> _How to complete this task_:
For this listing, reproduce the line with "The Multifaceted Talents of Jada Pinkett", the line with "Jeep Compass Latitude 4x4", and the lines between, exactly as they stand. Leave out pictures and all other lines.
-------- Material shown --------
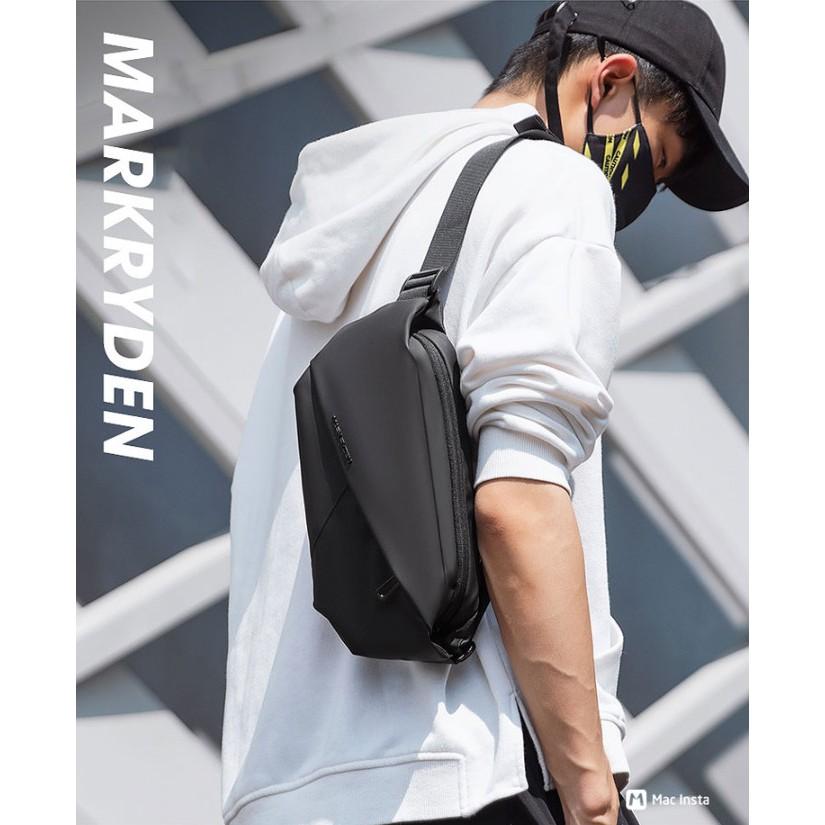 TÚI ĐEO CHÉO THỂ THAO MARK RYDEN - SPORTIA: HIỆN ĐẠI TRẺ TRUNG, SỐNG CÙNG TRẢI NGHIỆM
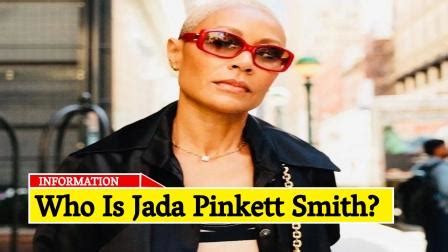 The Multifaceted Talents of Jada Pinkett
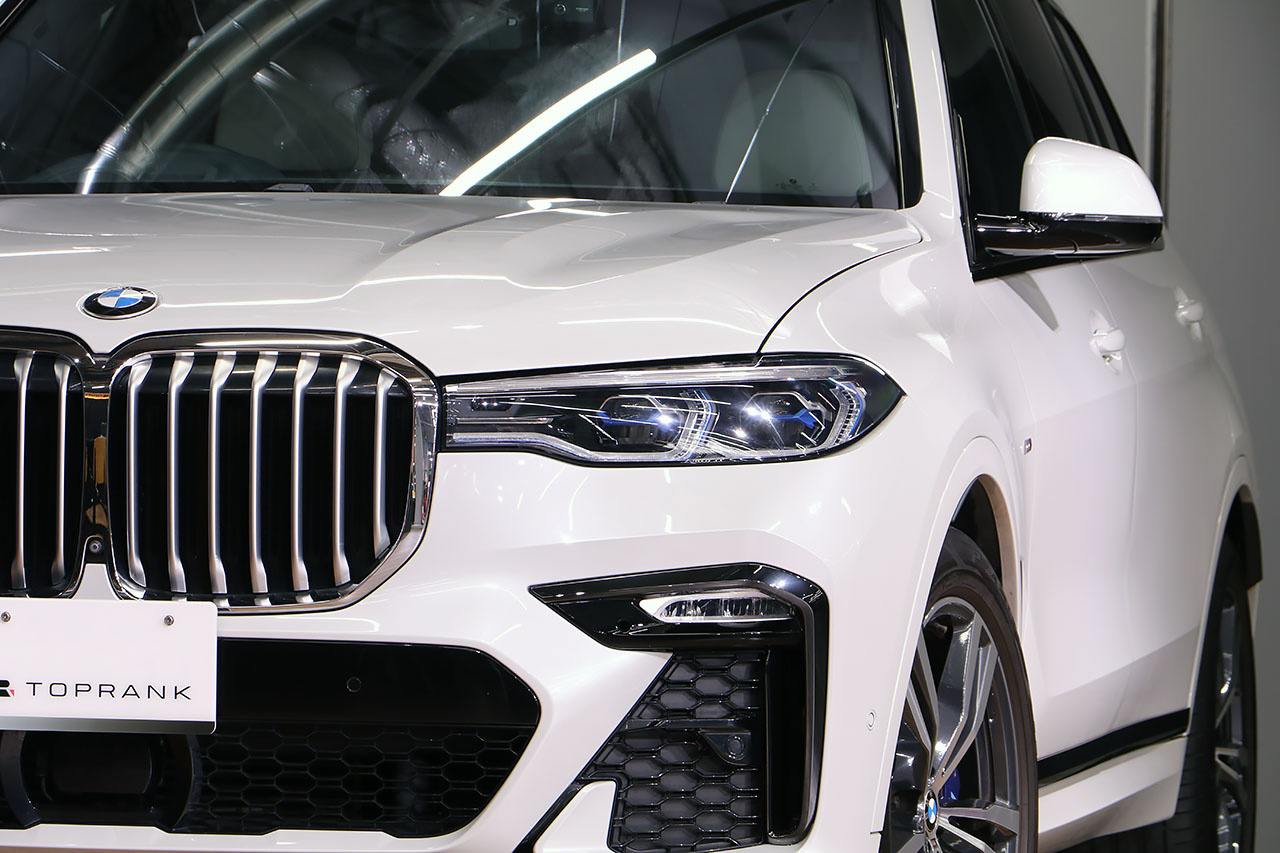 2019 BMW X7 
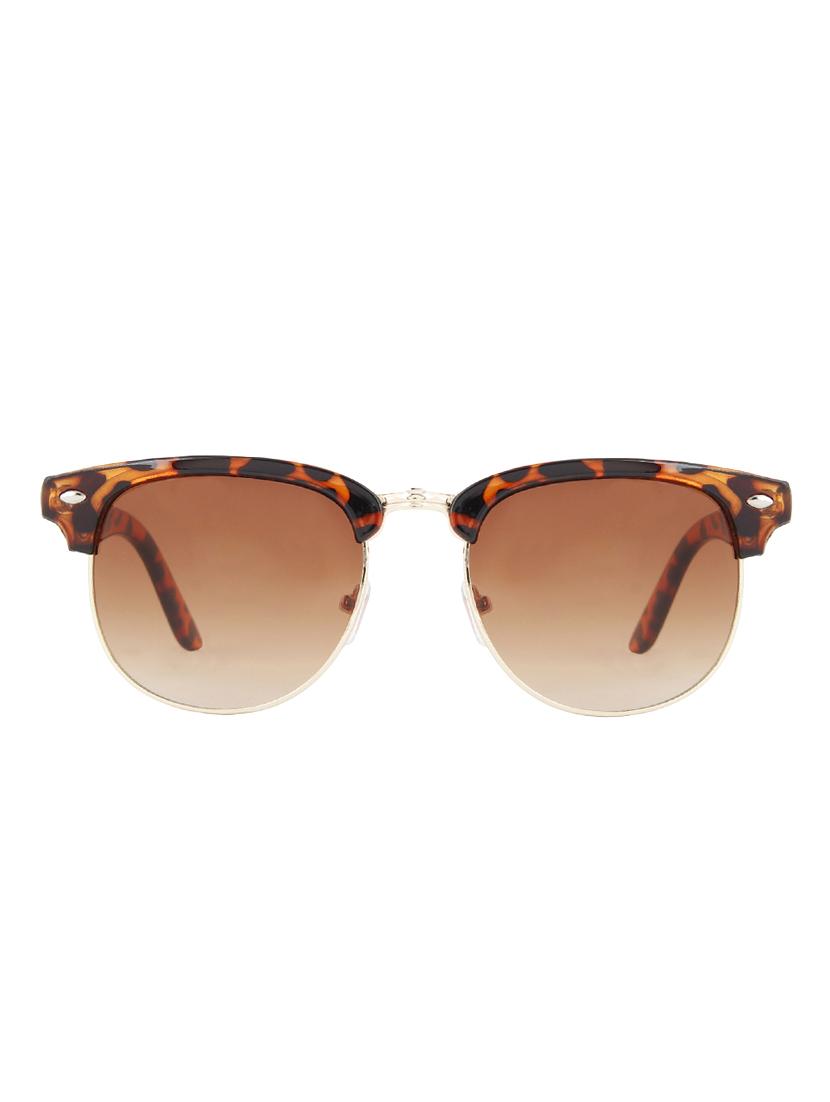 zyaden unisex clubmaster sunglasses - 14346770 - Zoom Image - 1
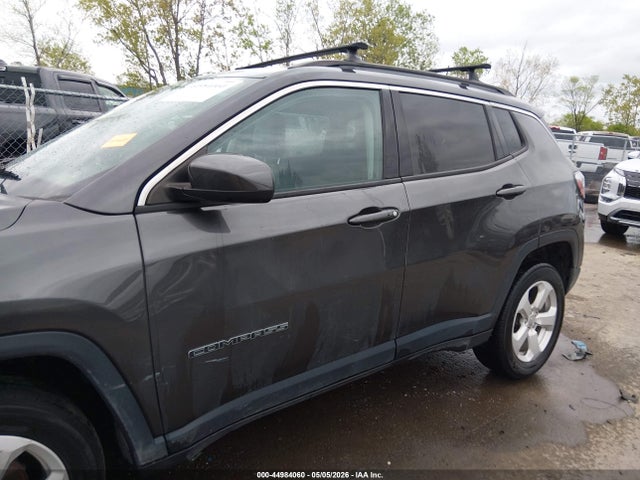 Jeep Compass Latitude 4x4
--------
-------- Material shown --------
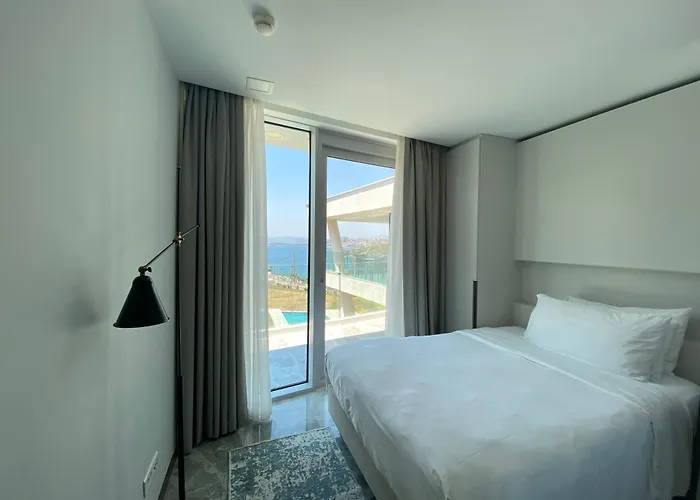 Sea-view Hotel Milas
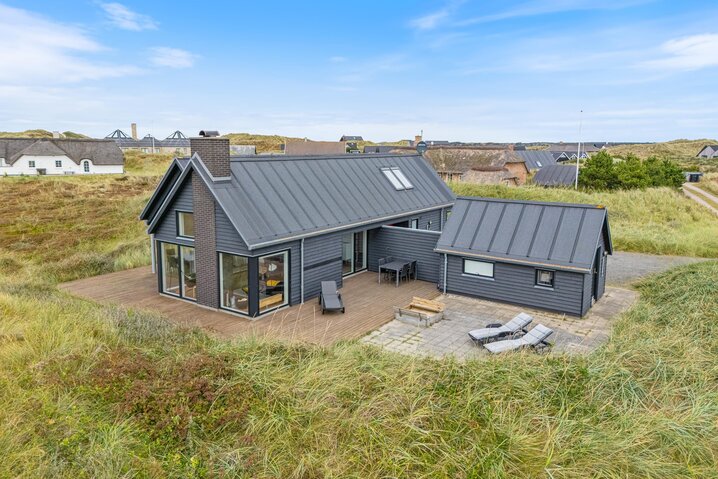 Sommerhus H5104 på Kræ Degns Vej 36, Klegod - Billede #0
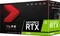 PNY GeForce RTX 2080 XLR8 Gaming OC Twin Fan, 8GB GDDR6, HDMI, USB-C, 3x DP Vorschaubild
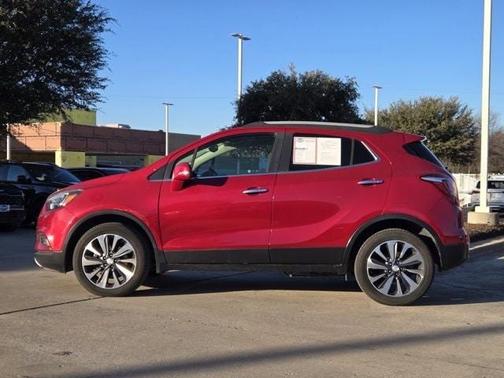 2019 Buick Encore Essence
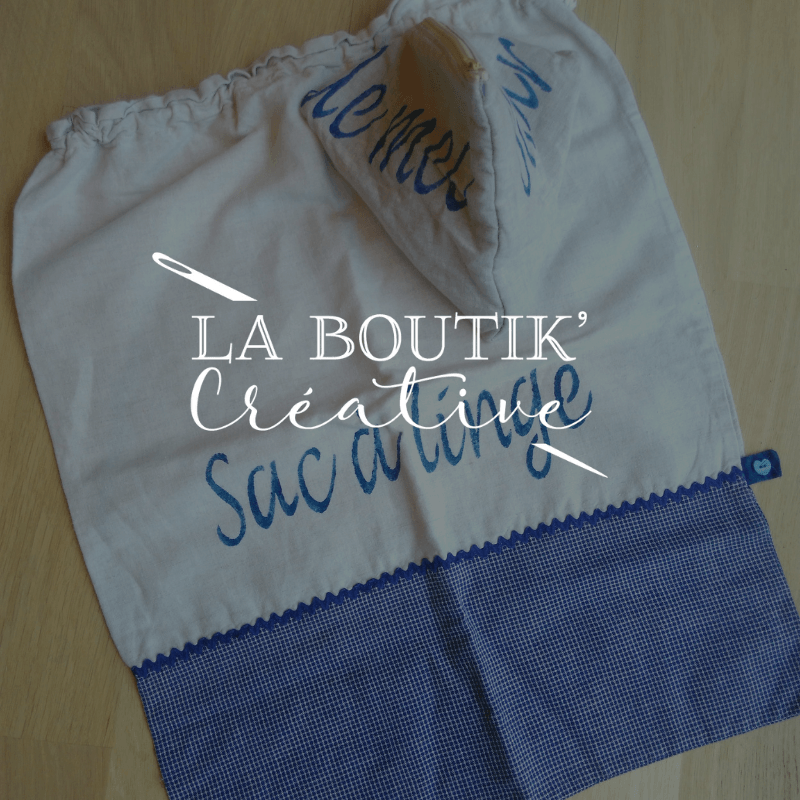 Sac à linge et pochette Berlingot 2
--------
> _Your response_:
 The Multifaceted Talents of Jada Pinkett
 2019 BMW X7 
 zyaden unisex clubmaster sunglasses - 14346770 - Zoom Image - 1
 Jeep Compass Latitude 4x4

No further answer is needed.